Task prompt: Set down the full listing below word for word; pictures stay out of the copy.

Source records:
##########

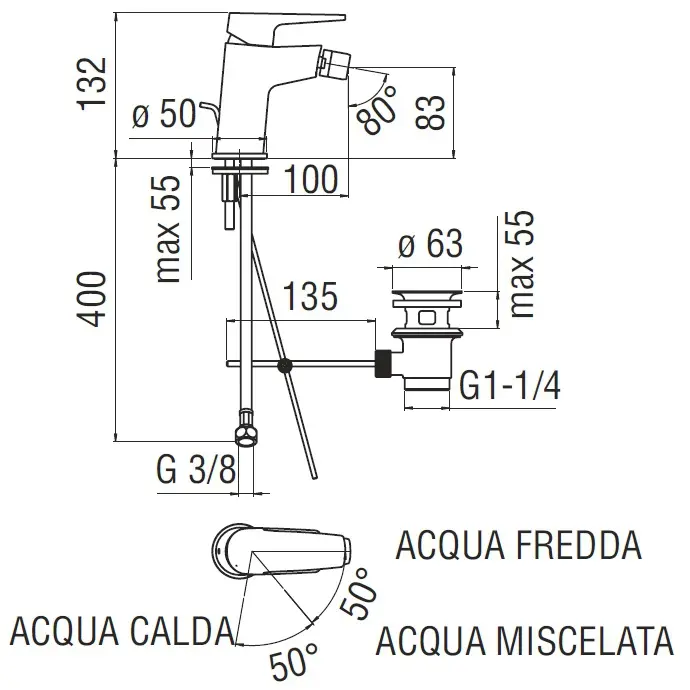 Смеситель для биде Nobili Nobi хром NB84119/1CR Смеситель для биде Nobili Nobi хром NB84119/1CR, 2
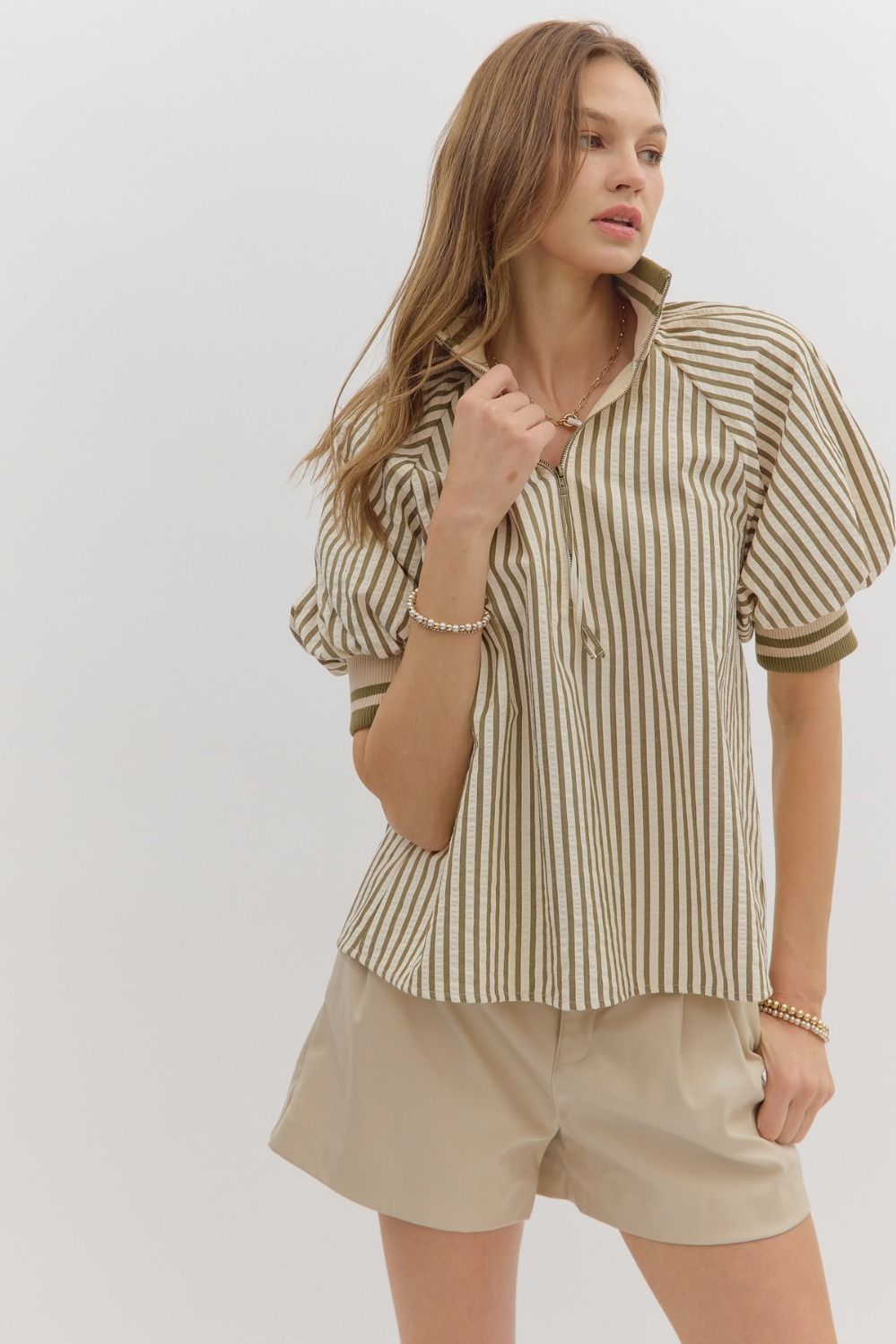 Olive Stripe Half Zip Pullover image 1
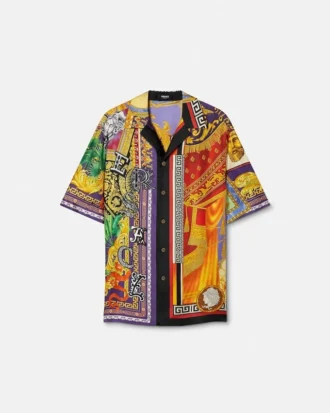 Chemise classique en twill de soie imprimé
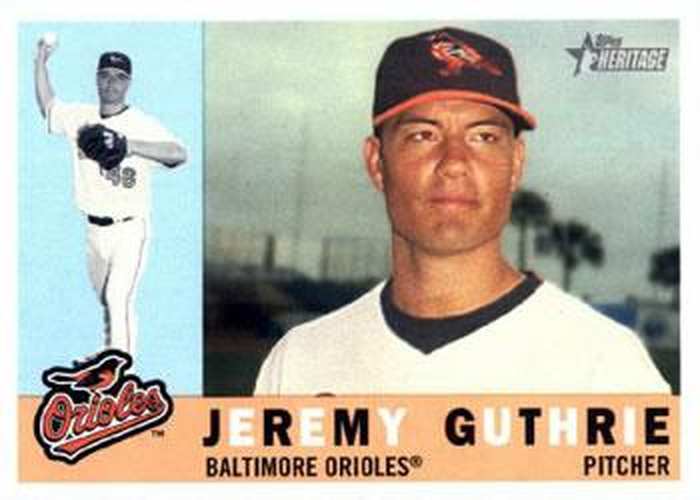 #12 Jeremy Guthrie - Baltimore Orioles - 2009 Topps Heritage Baseball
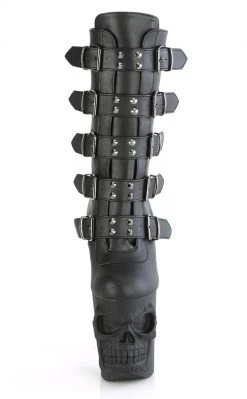Pleaser Pole Shoes RAPTURE-1052BK Black Matte Mid-Calf Skull Boots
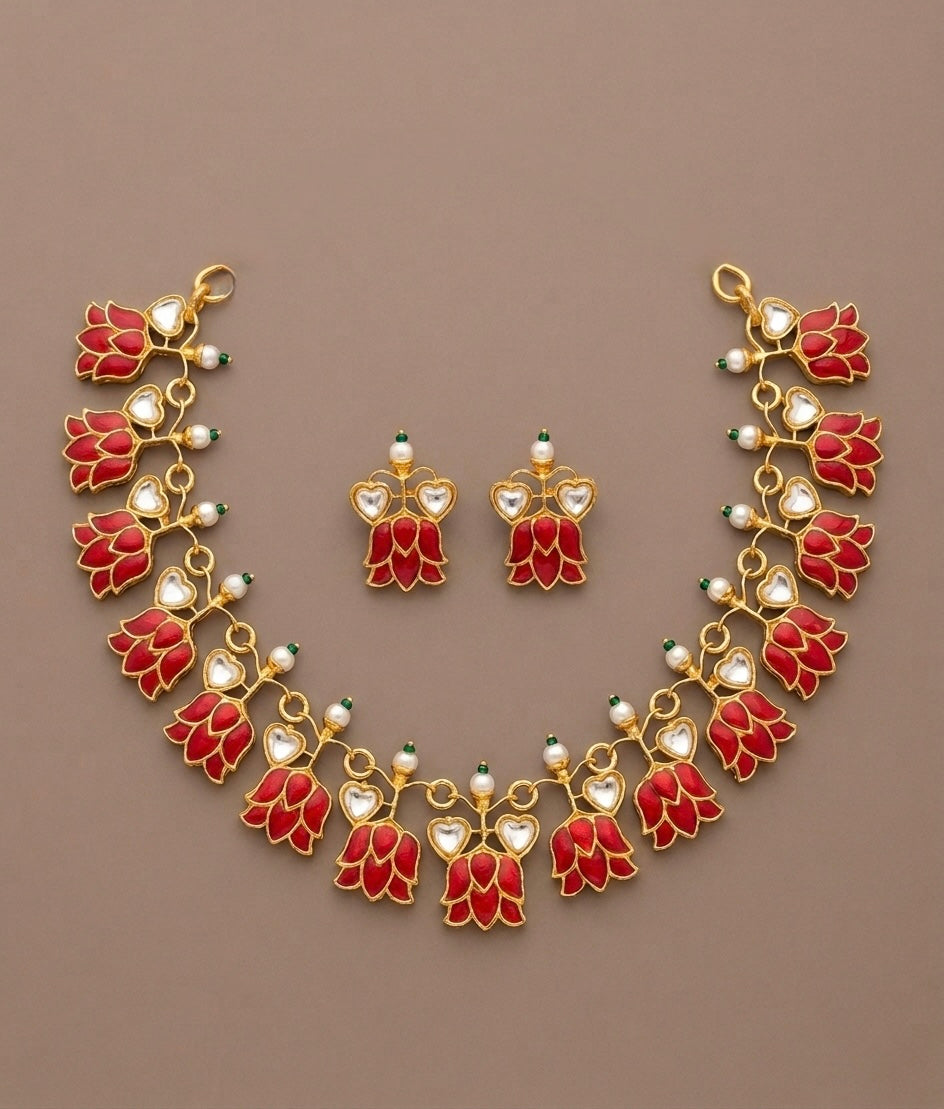 Gold tone coral-white kundan jadau lotus necklace set dj-51543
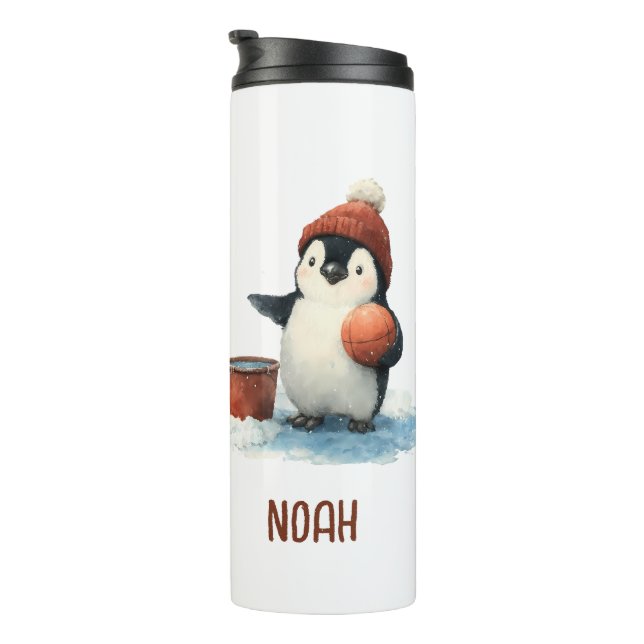Personalized Winter Penguin Basketball Kid Thermal Tumbler (Rotated Right)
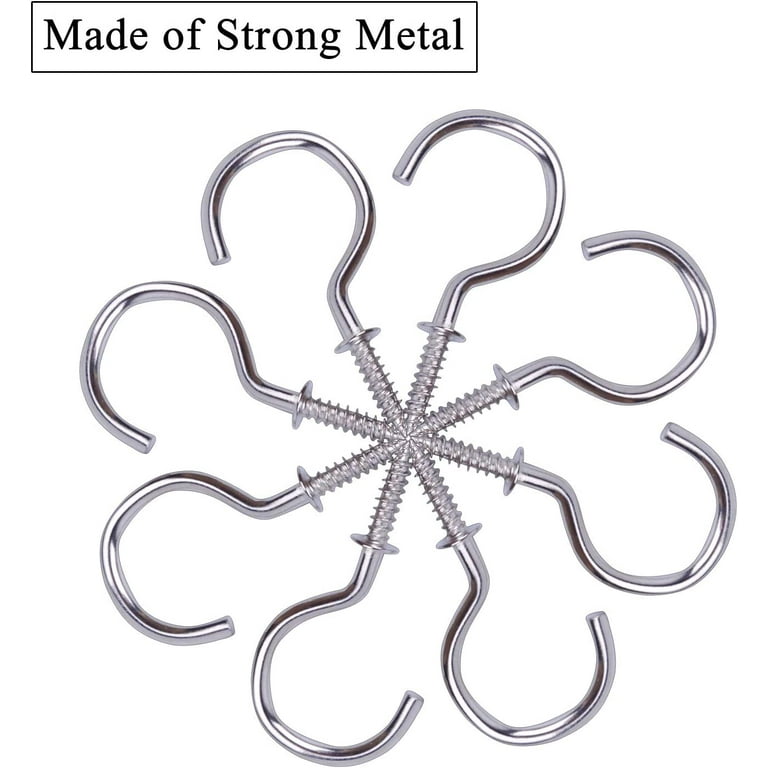 100pcs Nickel Plated Metal Screw-in Ceiling Hooks Cup Hooks Silver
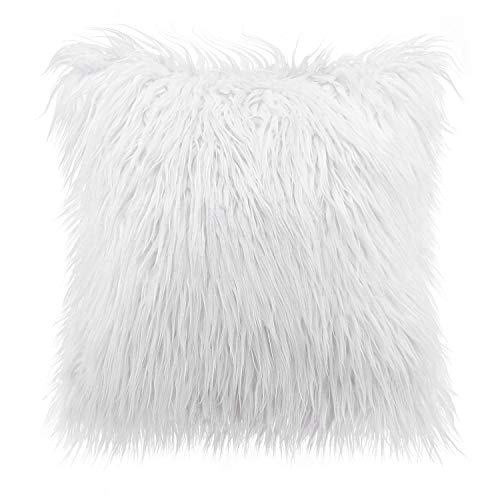 Phantoscope Pack of 2 Luxury Series Throw Pillow Covers Faux Fur Mongolian Style Plush Cushion Case  - //medicalbooks.filipinodoctors.org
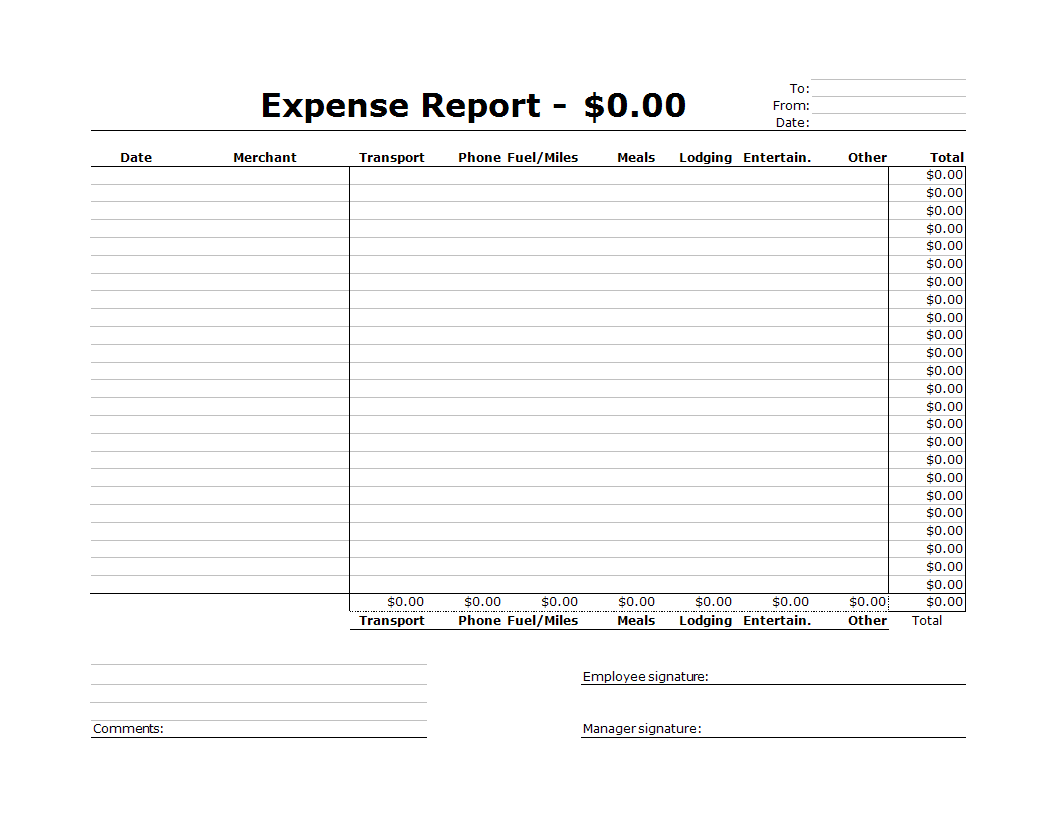 company expense report excel spreadsheet template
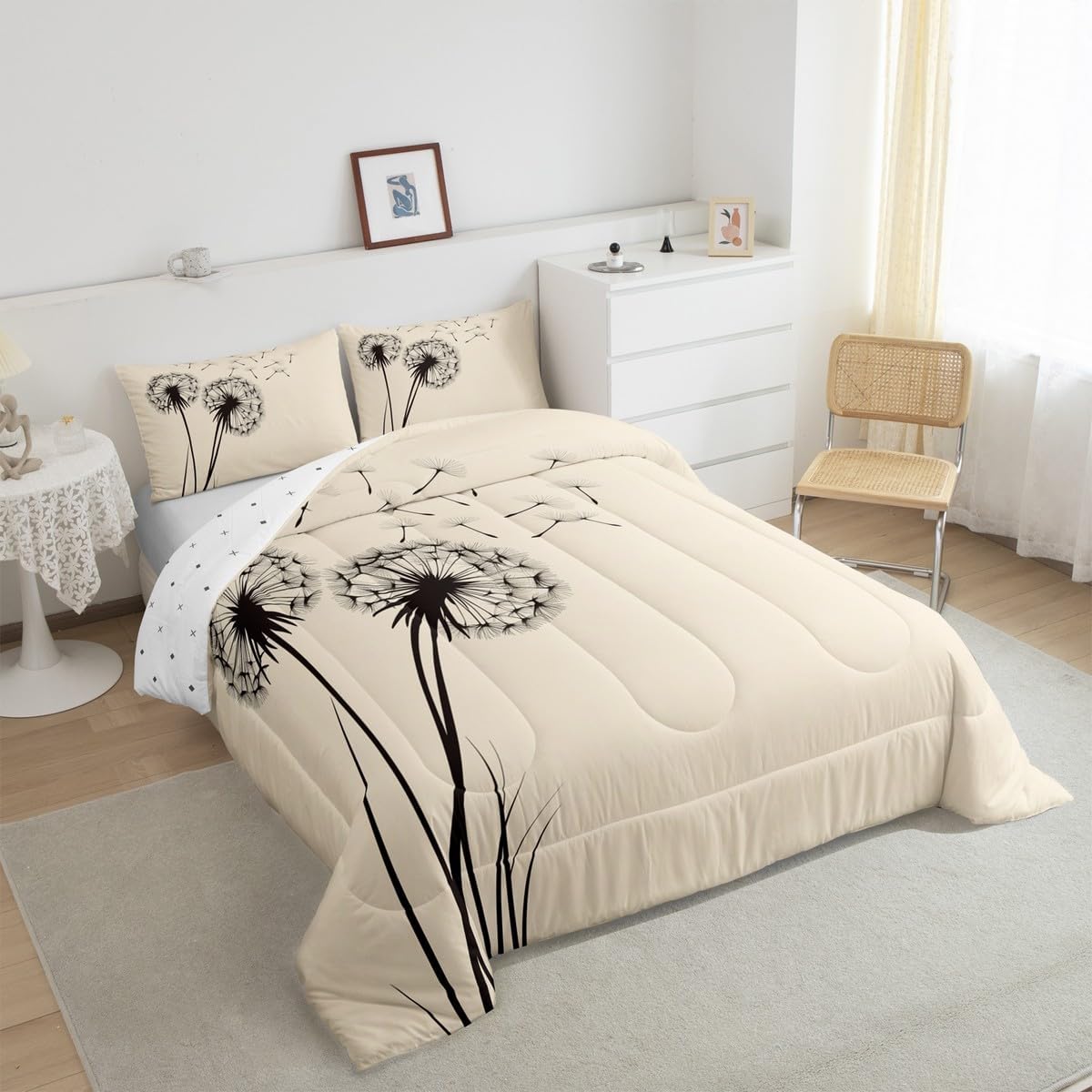Erosebridal Dandelion Comforter Set King Size,Abstract Dandelion Art Quilted Duvet,Flying Fluffy Petals Plant Down Comforter for Room Decor Soft Microfiber Bedding Comforters,Brown Cream
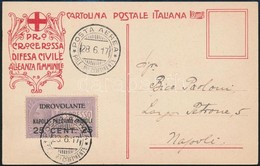 1917 Vöröskeresztes Képeslap Első Repüléssel / Red Cross Postcard 'PALERMO - NAPOLI' First Flight - Sonstige & Ohne Zuordnung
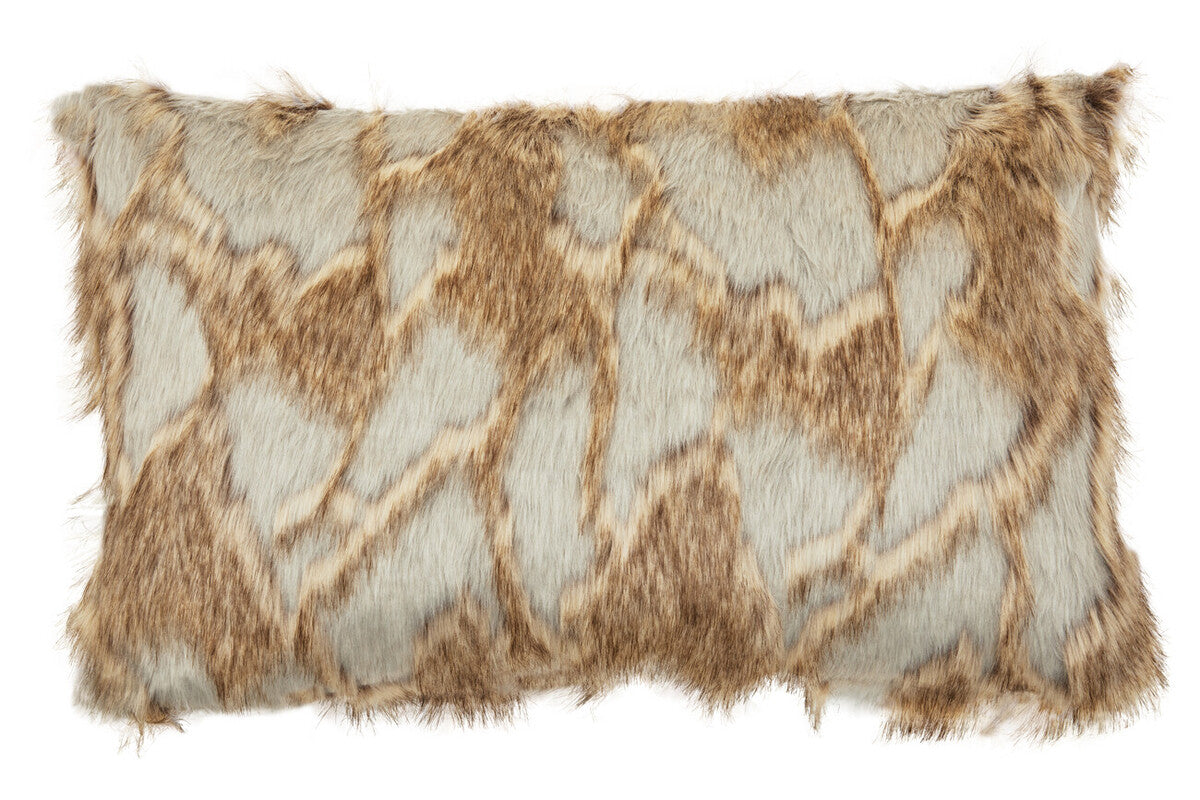 Bosie Grey and Natural Fur Cushion | Lamina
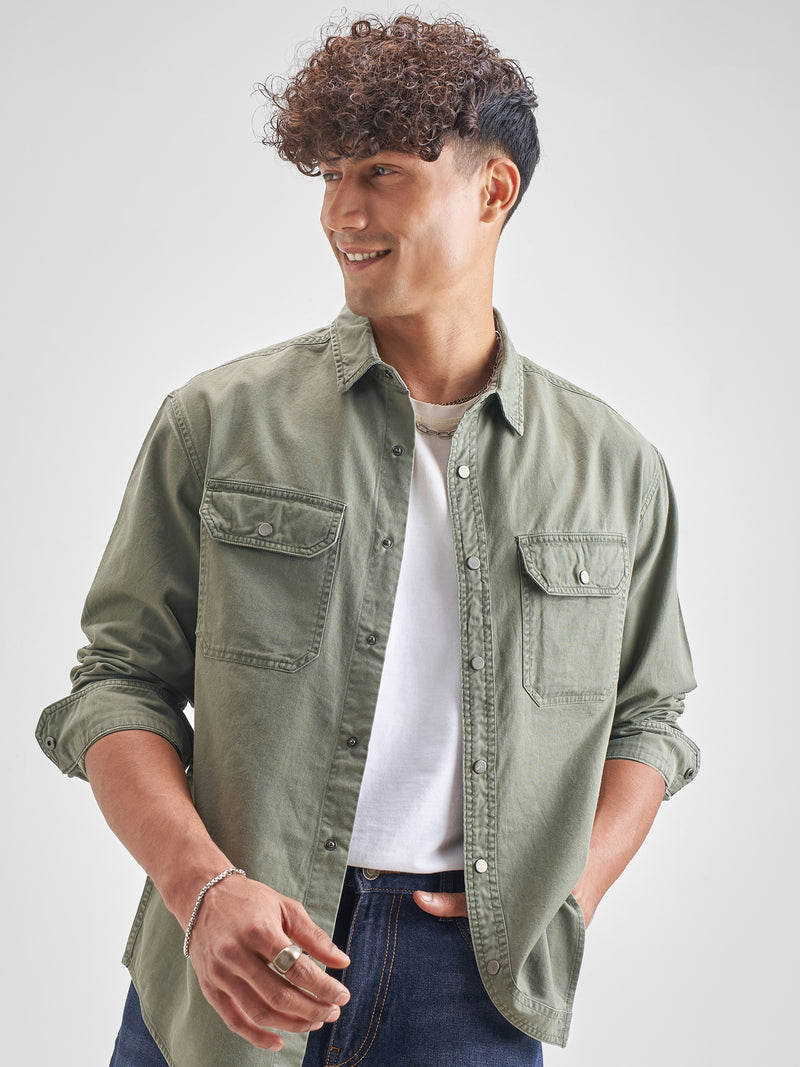 Highlander Men Olive Olive Solid Relaxed Fit Casual Shirt - Olive - Image 1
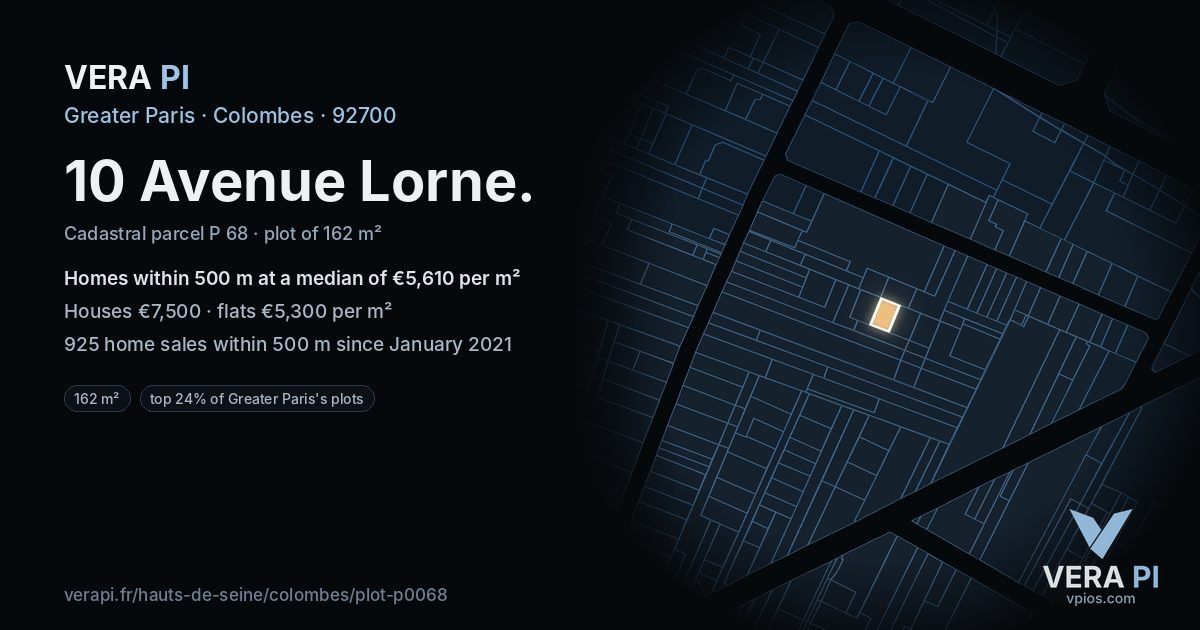 10 Avenue Lorne, Colombes at night – the plot lit, the parcels around coloured by the prices near them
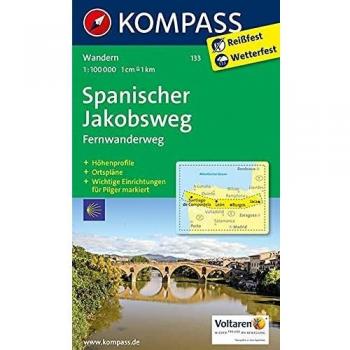 Mapa del Camino de Santiago.133. Spanischer Jakobsweg. 1:100.000. Kompass.: Wandelkaart 1:50 000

##########

Answer box:
 Смеситель для биде Nobili Nobi хром NB84119/1CR Смеситель для биде Nobili Nobi хром NB84119/1CR, 2
 Olive Stripe Half Zip Pullover image 1
 Chemise classique en twill de soie imprimé
 #12 Jeremy Guthrie - Baltimore Orioles - 2009 Topps Heritage Baseball
Pleaser Pole Shoes RAPTURE-1052BK Black Matte Mid-Calf Skull Boots
 Gold tone coral-white kundan jadau lotus necklace set dj-51543
Personalized Winter Penguin Basketball Kid Thermal Tumbler (Rotated Right)
 100pcs Nickel Plated Metal Screw-in Ceiling Hooks Cup Hooks Silver
 Phantoscope Pack of 2 Luxury Series Throw Pillow Covers Faux Fur Mongolian Style Plush Cushion Case  - //medicalbooks.filipinodoctors.org
 company expense report excel spreadsheet template
Erosebridal Dandelion Comforter Set King Size,Abstract Dandelion Art Quilted Duvet,Flying Fluffy Petals Plant Down Comforter for Room Decor Soft Microfiber Bedding Comforters,Brown Cream
 1917 Vöröskeresztes Képeslap Első Repüléssel / Red Cross Postcard 'PALERMO - NAPOLI' First Flight - Sonstige & Ohne Zuordnung
 Bosie Grey and Natural Fur Cushion | Lamina
 Highlander Men Olive Olive Solid Relaxed Fit Casual Shirt - Olive - Image 1
 10 Avenue Lorne, Colombes at night – the plot lit, the parcels around coloured by the prices near them
 Mapa del Camino de Santiago.133. Spanischer Jakobsweg. 1:100.000. Kompass.: Wandelkaart 1:50 000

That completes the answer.